____ Listed entries
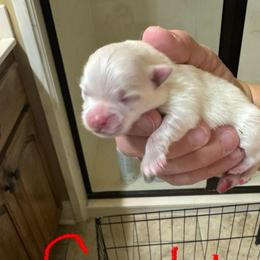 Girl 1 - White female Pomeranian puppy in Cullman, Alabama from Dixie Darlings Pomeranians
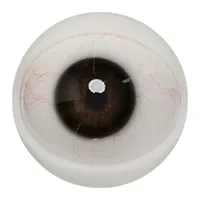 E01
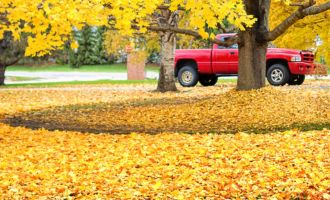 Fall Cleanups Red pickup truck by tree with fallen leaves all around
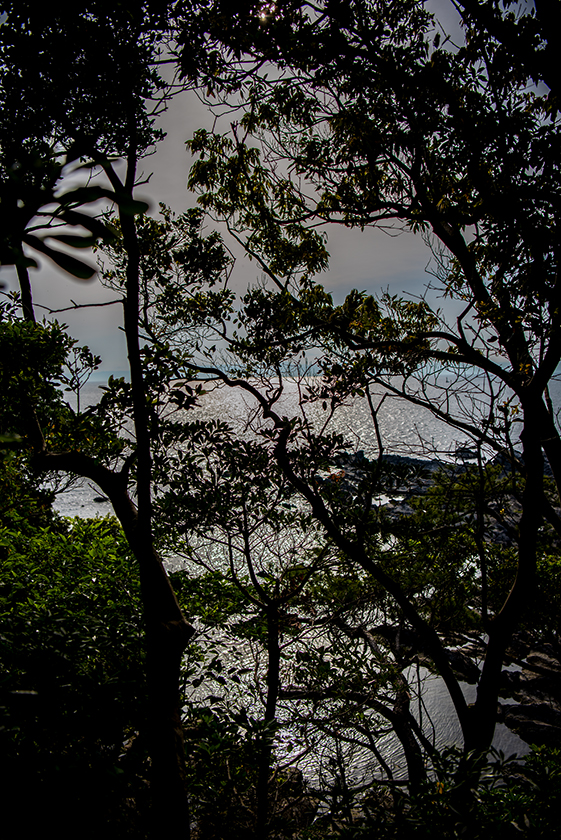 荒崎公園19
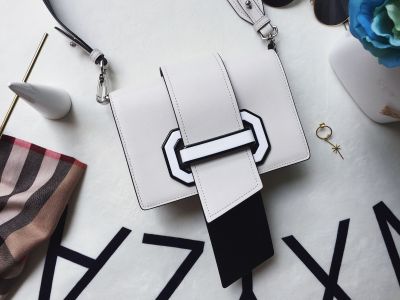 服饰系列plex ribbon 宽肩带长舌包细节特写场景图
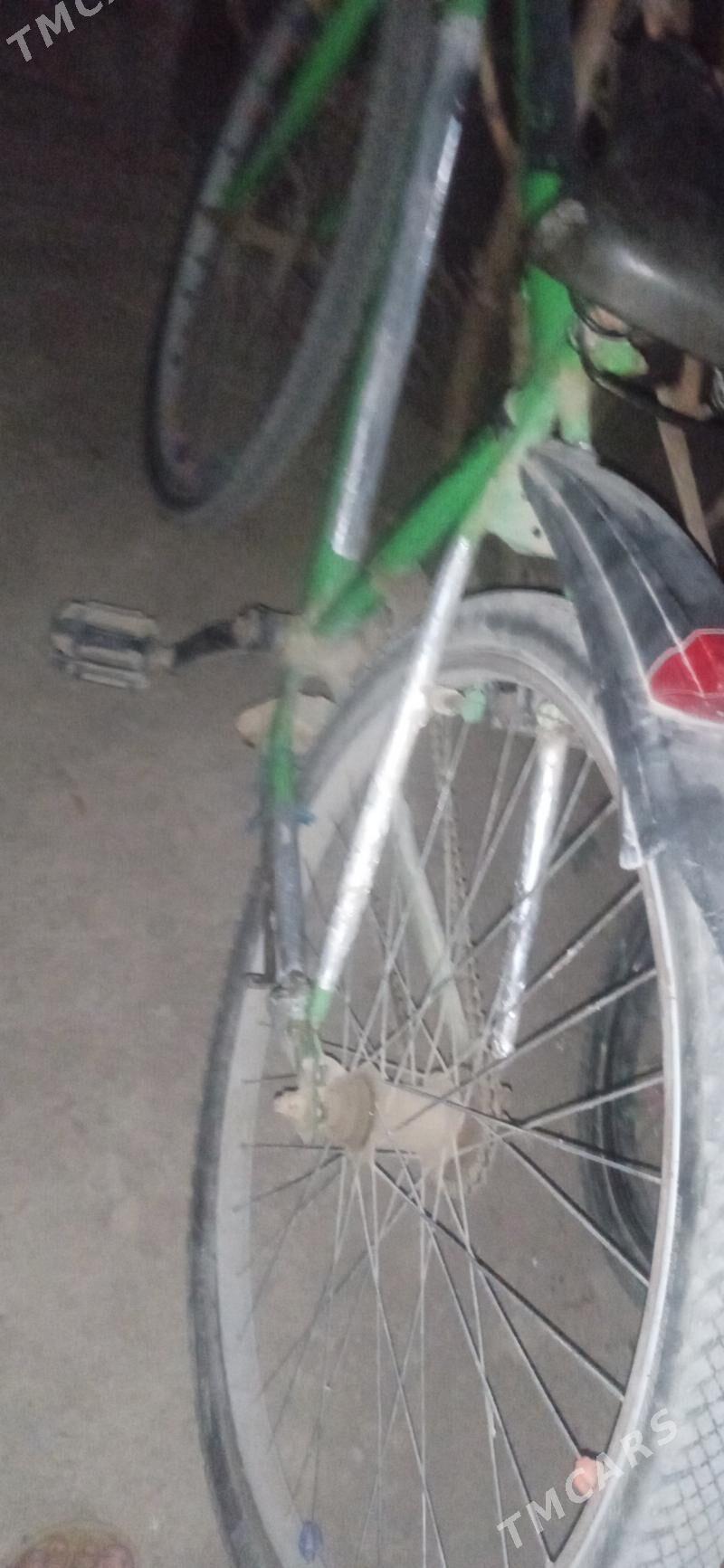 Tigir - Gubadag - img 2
________
Problem to work on:
Leaving the images out, retype all the material above exactly.

Task response:
 Girl 1 - White female Pomeranian puppy in Cullman, Alabama from Dixie Darlings Pomeranians
 E01
 Fall Cleanups Red pickup truck by tree with fallen leaves all around
 荒崎公園19
 服饰系列plex ribbon 宽肩带长舌包细节特写场景图
 Tigir - Gubadag - img 2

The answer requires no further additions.